Kaka'i shrines in Hawar village of Halabja are Shah-Khoshen, Sayyid Khamosh, Meer Eskandar, Khalifa Smayil, and a place for religious speeches at the top of the mountain at the entrance of the millennium-old, mountainous Hawar.
Rajab Assi Kaka’i, a political observer and civil activist, conducted a follow-up of the votes of Kaka’i voters in Iraq and says that their number in Kirkuk ranges between 20,000-22,000 voters, 15,000 in in Nineveh and 5,000 in each of Khanaqin, northeast of Baghdad.
“So, the quota is the best option for us to find ourselves in the political atmosphere,” Kaka’i believes. “The independent Kakai candidate, unless he has a strong social status, will not be able to enter the competition.”

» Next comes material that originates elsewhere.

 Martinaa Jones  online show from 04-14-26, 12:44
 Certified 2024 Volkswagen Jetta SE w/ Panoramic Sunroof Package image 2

The quota is the best option for us to find ourselves in the political atmosphere
In recent years, KirkukNow has paid special attention to the issue of the Kaka’is and has worked to convey the voice of the constituents, through in-depth reports and follow-ups, including the demands of the Kaka’is to be given representation in legislative and executive institutions, as they are deprived of representation in most of the administrative and military authorities in the areas where they are located.
Kaka’i told Kirkuk Now that the Kaka’is do not separate themselves from the Kurds, so they have more than one candidate and were unable to form a party of their own, because “the Kaka’is are Kurds from a national standpoint and we only have a difference in belief, and this matter made them look at us as a different component due to our mutual customs and cultures.”
Tolerance and patience of non-Muslim Kaka'is made their survival easier. They enjoy a fairly safe, stable and free community. The holly book of Kaka'is is called Saranjam and its script is called Kalam. Truth, virtue, selflessness and tolerance are the pillars of Kaka’i religion. Followers should be moderate and temperate. Kaka’i men grow moustache as a religious commitment.
Provincial council elections are scheduled to be held on December 18, 2023, a process has not been held in the governorates of Iraq since 2013, held in Kirkuk Governorate only once in 2005.
The upcoming Kirkuk Governorate Council consists of 16 seats, including a quota seat for Christians, while the number of seats in the Nineveh Governorate Council is 29 seats, including a quota seat for Christians, Yazidis and Shabaks, and the number of seats in the Diyala Governorate Council is 15 seats.